- ASSIGNMENT -
From the material below, reproduce exactly the stretch of lines that begins with the line holding "843 Kings Court NE, Atlanta, GA 30306" and ends with the line holding "2010 HONDA FIT", skipping the pictures.
** Opening MATERIAL TO PROCESS block **
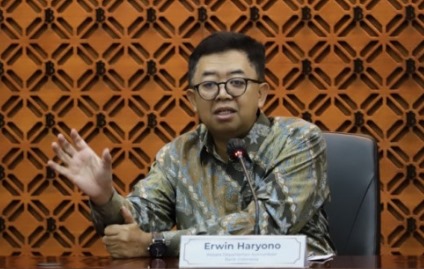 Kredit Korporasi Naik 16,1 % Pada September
** Closing MATERIAL TO PROCESS block **
** Opening MATERIAL TO PROCESS block **
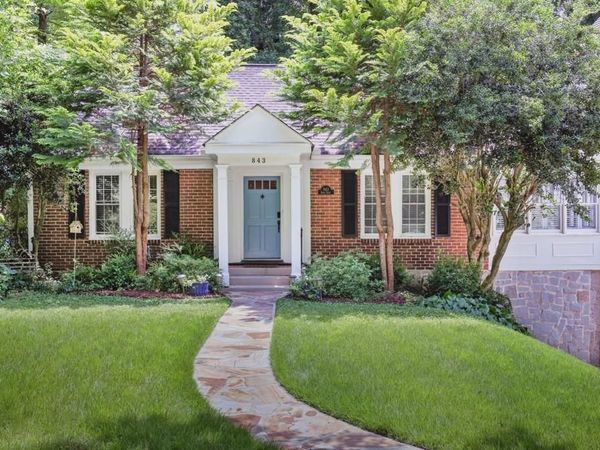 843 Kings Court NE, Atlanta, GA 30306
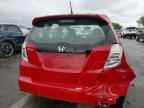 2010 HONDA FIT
** Closing MATERIAL TO PROCESS block **
- COMPLETED EXERCISE -
 843 Kings Court NE, Atlanta, GA 30306
 2010 HONDA FIT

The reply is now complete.